■ **ASSIGNED TASK**
Retype the lines below exactly, but only those from the line that has "2019 Nissan Sylphy" through the line that has "48 Lambs Grove, Spencer, MA 01562". Omit every picture.

■ **DATA EXCERPTS**
● ● ● ●

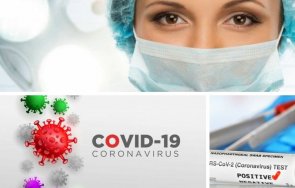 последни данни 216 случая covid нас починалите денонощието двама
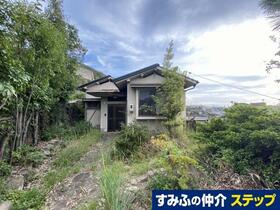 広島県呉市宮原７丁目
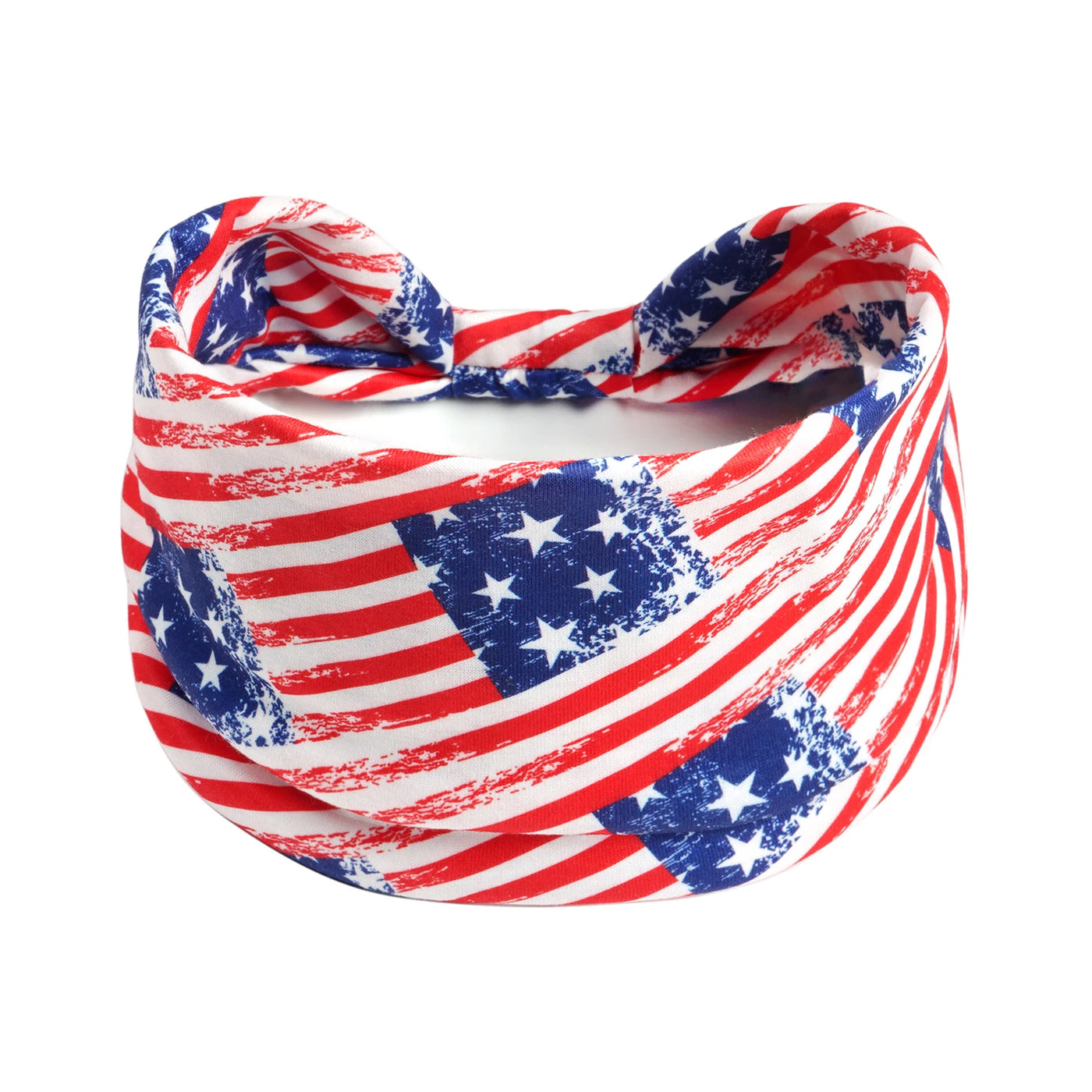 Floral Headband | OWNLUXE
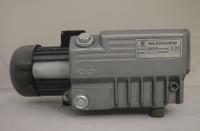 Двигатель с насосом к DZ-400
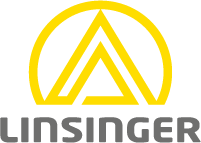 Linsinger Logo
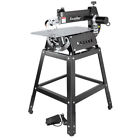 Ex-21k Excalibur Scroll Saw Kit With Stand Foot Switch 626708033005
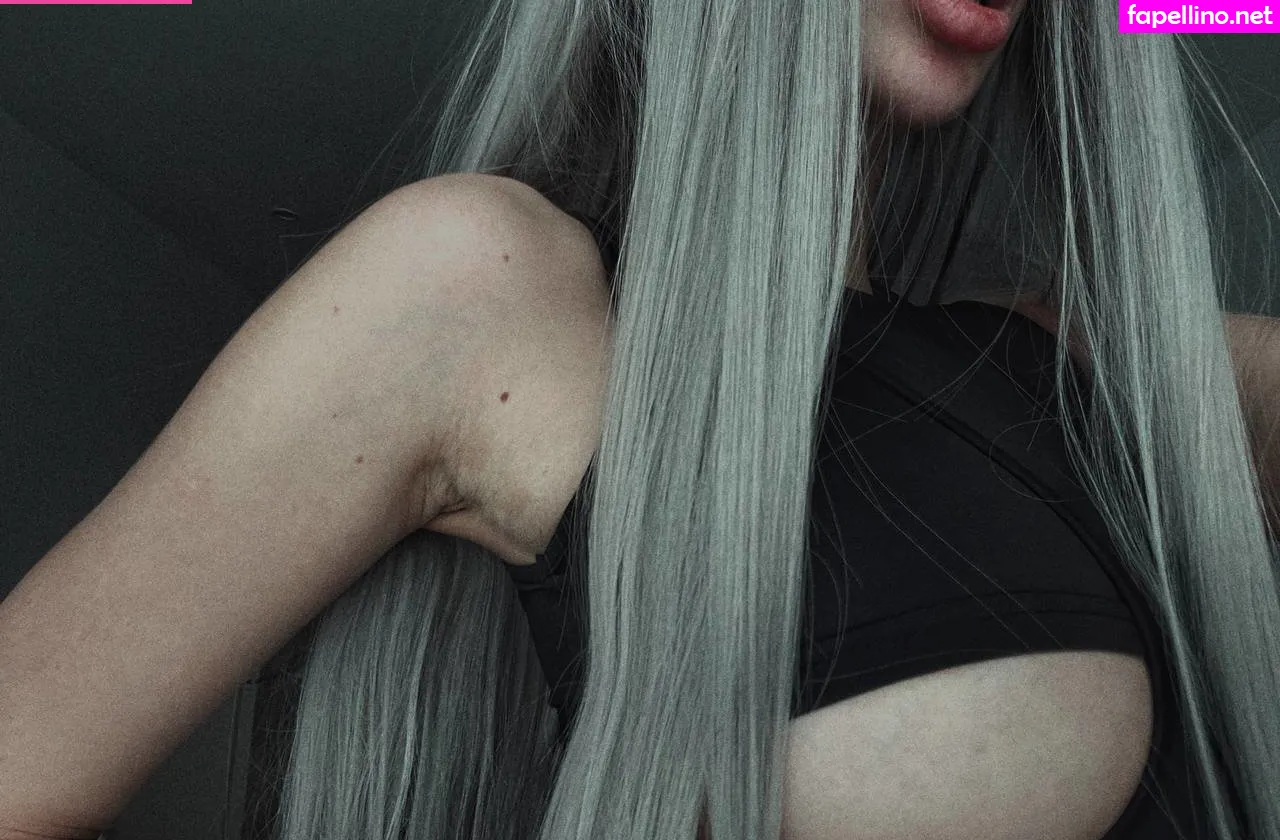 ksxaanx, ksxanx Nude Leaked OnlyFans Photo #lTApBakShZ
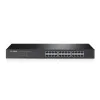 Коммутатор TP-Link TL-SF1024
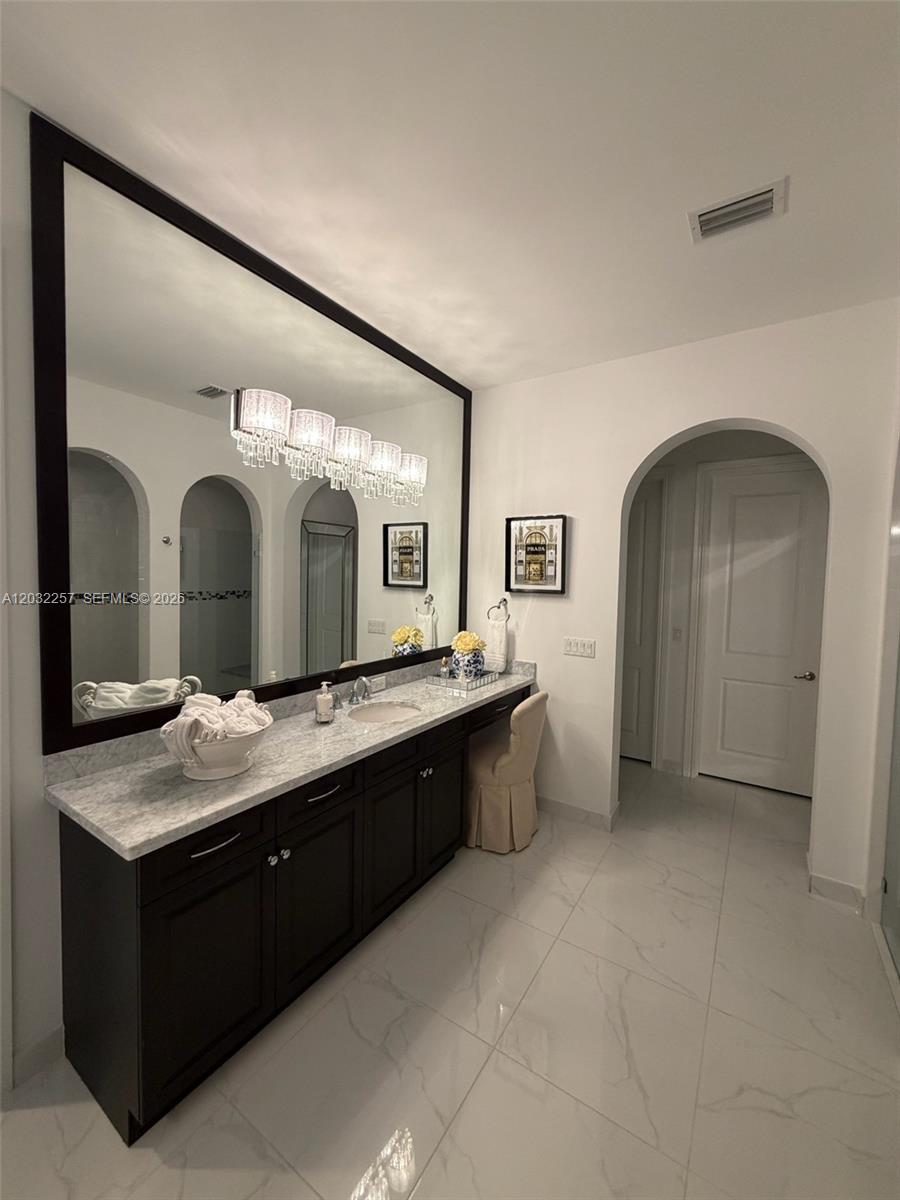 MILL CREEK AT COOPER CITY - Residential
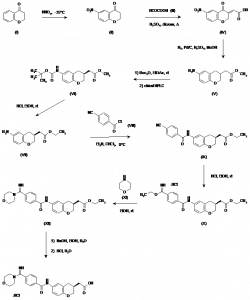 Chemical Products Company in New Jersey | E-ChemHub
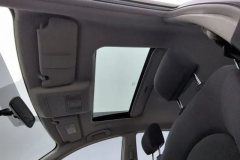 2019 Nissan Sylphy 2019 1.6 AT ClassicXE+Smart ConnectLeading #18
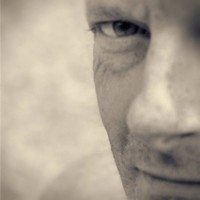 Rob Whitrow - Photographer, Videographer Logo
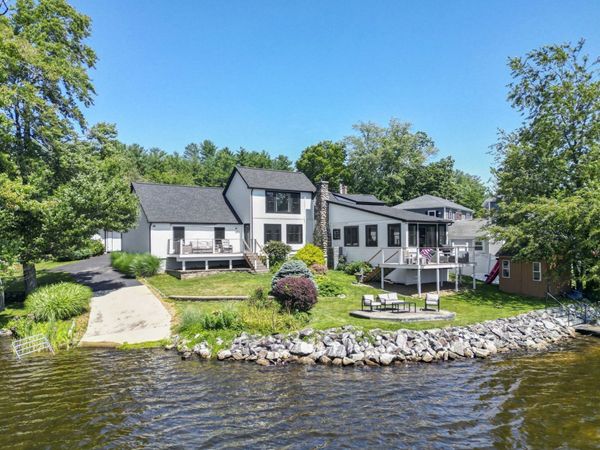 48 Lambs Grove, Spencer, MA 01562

● ● ● ●

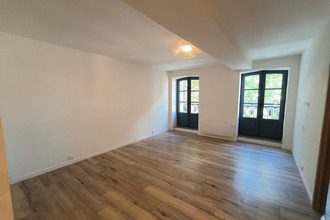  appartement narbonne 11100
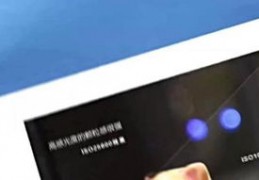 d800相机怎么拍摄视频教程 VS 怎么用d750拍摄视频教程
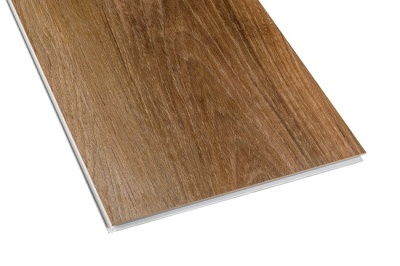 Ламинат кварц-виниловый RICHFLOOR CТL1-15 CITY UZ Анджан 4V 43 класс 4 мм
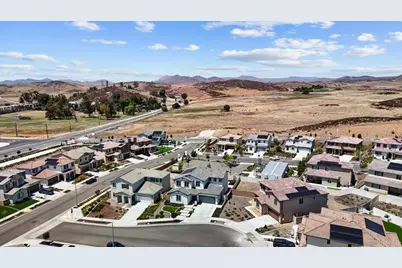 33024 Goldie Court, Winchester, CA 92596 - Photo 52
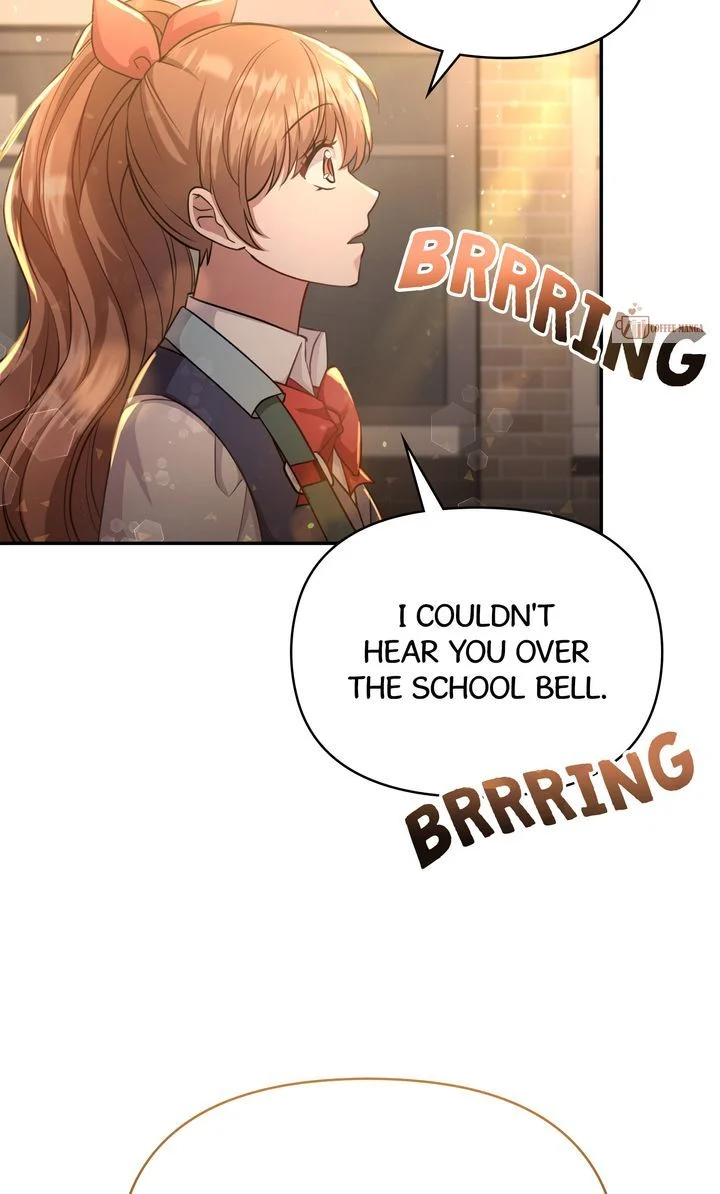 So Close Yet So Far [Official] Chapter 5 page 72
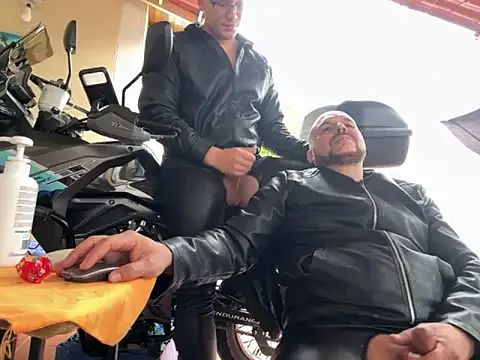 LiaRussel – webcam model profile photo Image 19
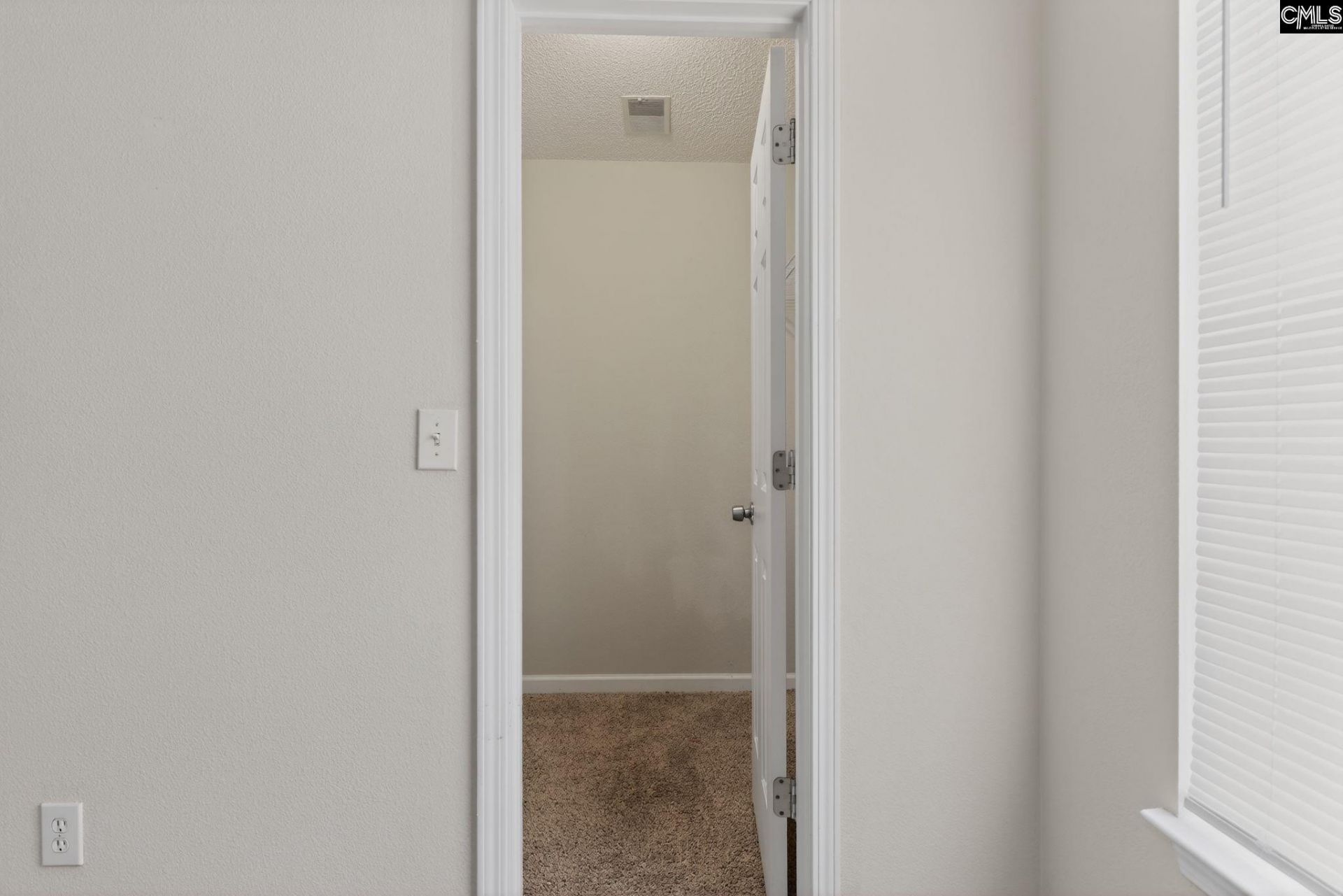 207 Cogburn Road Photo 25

● ● ● ●

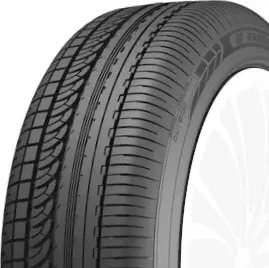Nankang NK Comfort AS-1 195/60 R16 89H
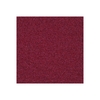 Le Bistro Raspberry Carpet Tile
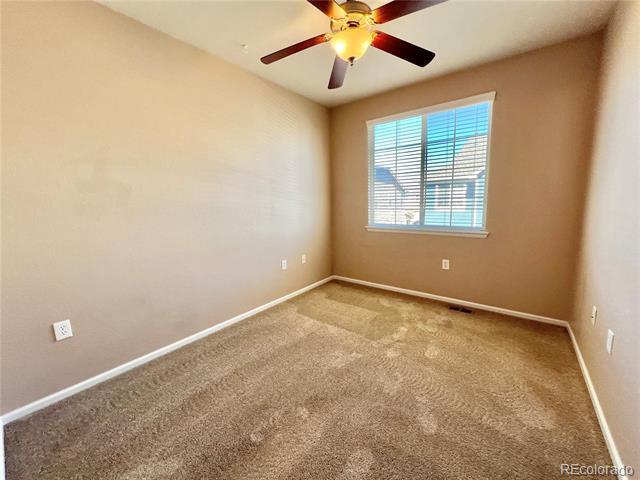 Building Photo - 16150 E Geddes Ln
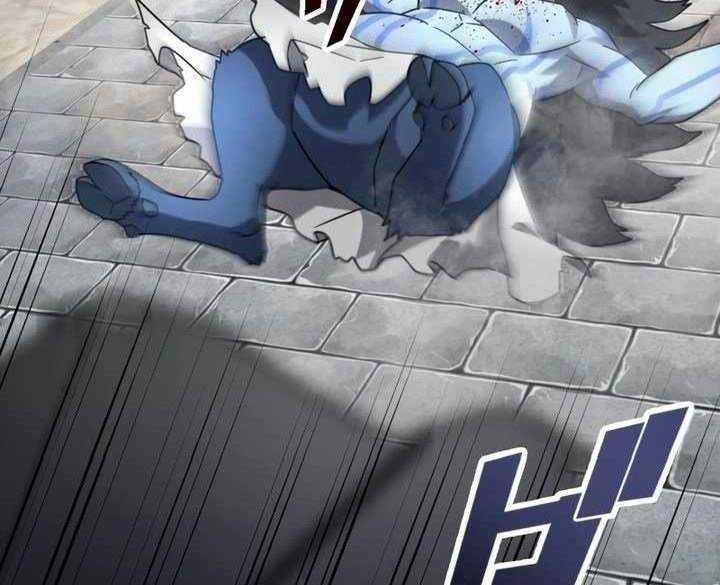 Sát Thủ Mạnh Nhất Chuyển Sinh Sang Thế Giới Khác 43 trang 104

● ● ● ●

■ **SOLUTION TO THE EXERCISE**
 2019 Nissan Sylphy 2019 1.6 AT ClassicXE+Smart ConnectLeading #18
 Rob Whitrow - Photographer, Videographer Logo
 48 Lambs Grove, Spencer, MA 01562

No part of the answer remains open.